Posted at 4:33 p.m. EDT Thursday, August 30, 2001

Judge: Florida's ban on gay adoptions is valid

http://www.miami.com/c/community/people/gay_and_lesbian/locdocs/003536.htm

MIAMI -- (AP) -- A federal judge ruled Thursday that Florida's law banning homosexuals from adopting children is valid, saying the state has a legitimate interest in only allowing married couples to adopt.

The law is considered the nation's toughest ban on gay adoptions, prohibiting adoptions by any gay or lesbian individual or couple. Mississippi and Utah also ban adoptions by same-sex couples.

U.S. Judge James Lawrence King accepted the state's argument that the law was in children's best interests because married heterosexuals provide children with a more stable home.

``Plaintiffs have not asserted that they can demonstrate that homosexual families are equivalently stable, are able to provide proper gender identification or are no more socially stigmatizing than married heterosexual families,'' said King, senior judge for the Miami-based U.S. Southern District of Florida.

Steven Lofton and Douglas Houghton filed the lawsuit after being told the could not adopt children in their care. Lofton, a foster parent, wanted to adopt a 10-year-old boy he has raised since infancy. Houghton is the guardian of a 9-year-old boy.

The men challenged Florida's adoption laws, arguing that they discriminate against homosexuals.

King, however, said in his ruling that ``given there is no fundamental right to adopt or be adopted, there can be no fundamental right to apply for adoption.''

The judge did discount the state's argument that the law is legitimate because it reflects the state's disapproval of homosexuality.

``The Court cannot accept that moral disapproval of homosexuals or homosexuality serves a legitimate state interest,'' he wrote.

But the state also argued that it's in a child's best interest to be raised in home with a married mother and father.

``Plaintiffs concede that categorically barring homosexuals from adoption in the best interest of Florida's children is on its face a legitimate purpose,'' King said.

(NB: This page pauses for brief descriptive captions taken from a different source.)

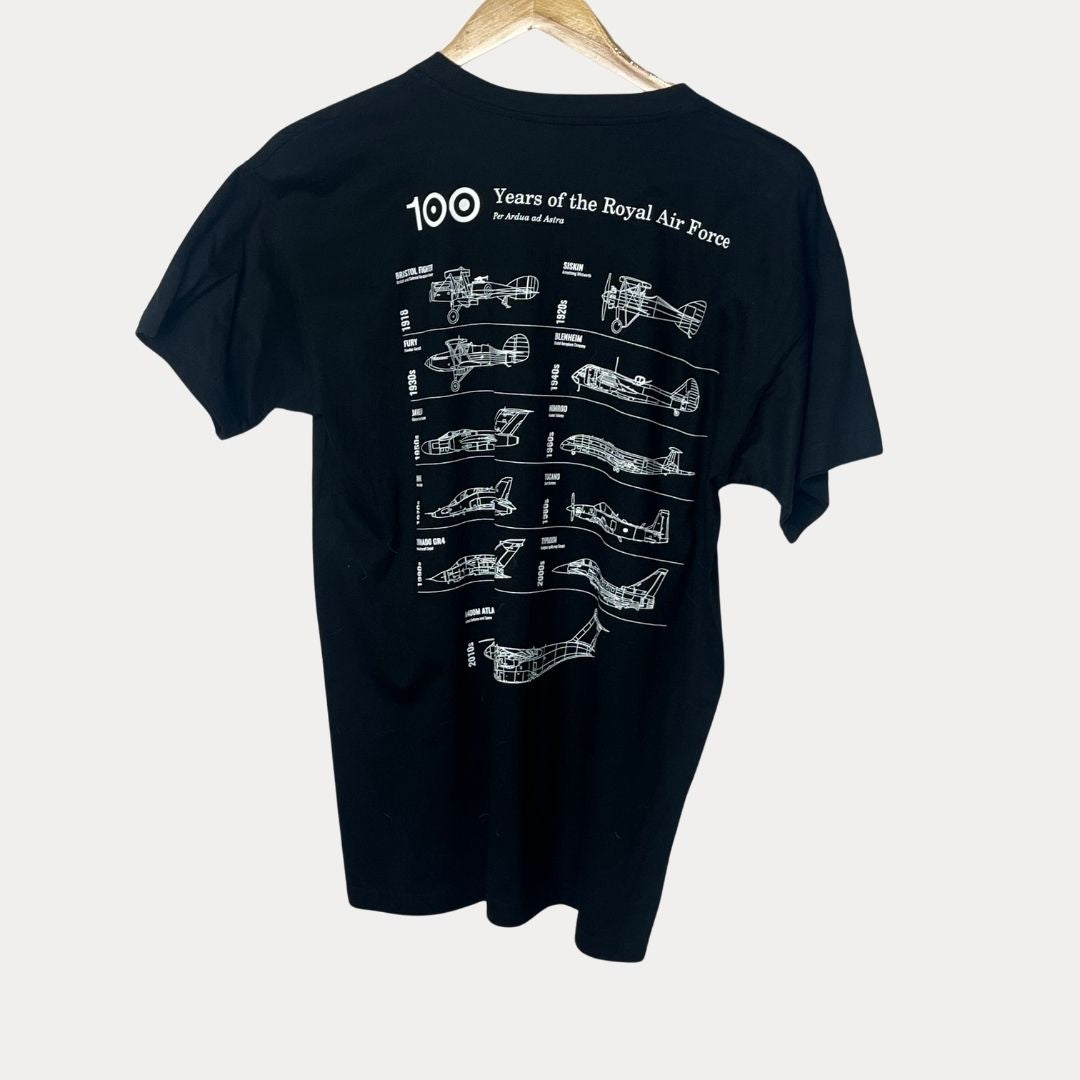 100 Years of the Royal Air Force Nimrod T-Shirt Medium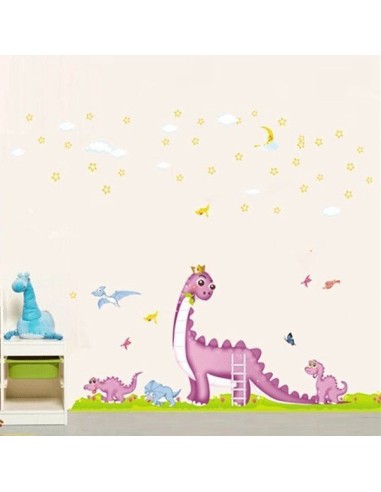 Vinilo dinosaurio infantil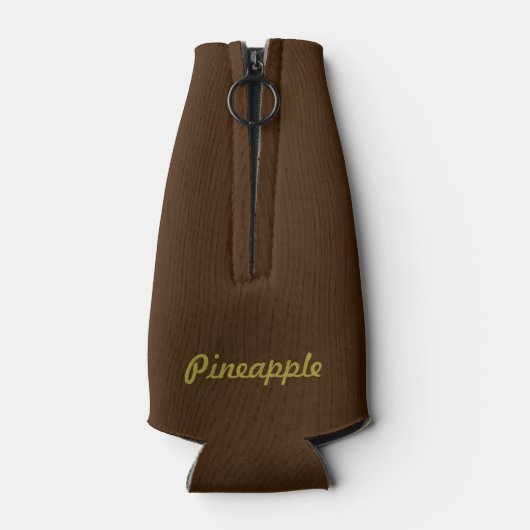 Ananas fleskoeler flesjeskoeler (Achterkant)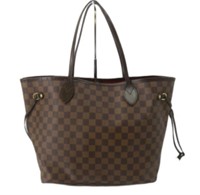 Louis Vuitton Damier Neverfull MM Tote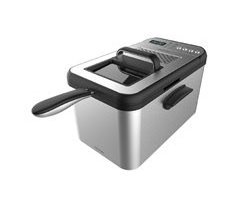 Fritadeira a óleo Cecotec CleanFry Luxury 4000 com óleo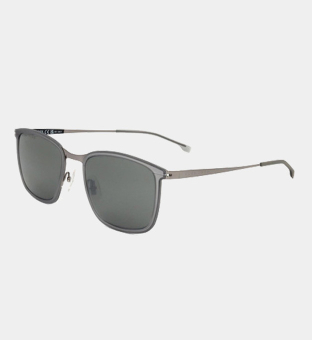 Hugo Boss Sunglasses Mens Dark Ruthenium Grey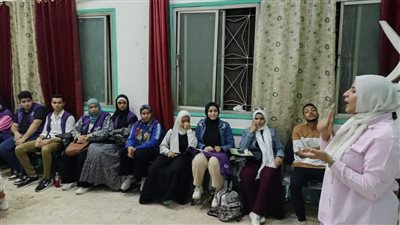 التغيرات المجتمعية.. ندوة لشباب أندية التطوع في محافظة الجيزة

King noted that Florida Department of Children and Families considers families where there is a mother and father to be important for the child's well-rounded growth and development.

``Primary consideration is given to couples who have been married a sufficient length of time to establish stability so that even couples married less than two years are scrutinized particularly carefully,'' King wrote. ``Moreover, heterosexual unmarried couples living together in a sexually cohabitating relationship will not be considered by DCF as joint adoptive parents.''

Department of Children and Families officials were not immediately available for comment.

However, the department's Web site says, ``Most adults who can provide a stable, loving home to a child can adopt ... In most cases married couples, single parents, working mothers, parents who already have children, people who live in apartments, and people of any religious faith, race, and education level will be considered.''

Elizabeth Schwartz, a lawyer for Lofton and Houghton, said King was mistaken when he said that the plaintiffs agree married couples provide better homes.

``We never would have said that,'' she said. ``There's something substantially wrong. It seems like there's a disconnect here. There's something that's not adding up.''

She said Lofton, who lives in Oregon and is caring for three Florida foster children, will now likely have the children taken away from him.

``They are likely to be removed from their home and ripped apart and DCF has no problem with that because their goal is permanency. And that's our goal too.''

Lisa Gates, a spokeswoman for Gov. Jeb Bush, said he supports the ruling, but declined further comment.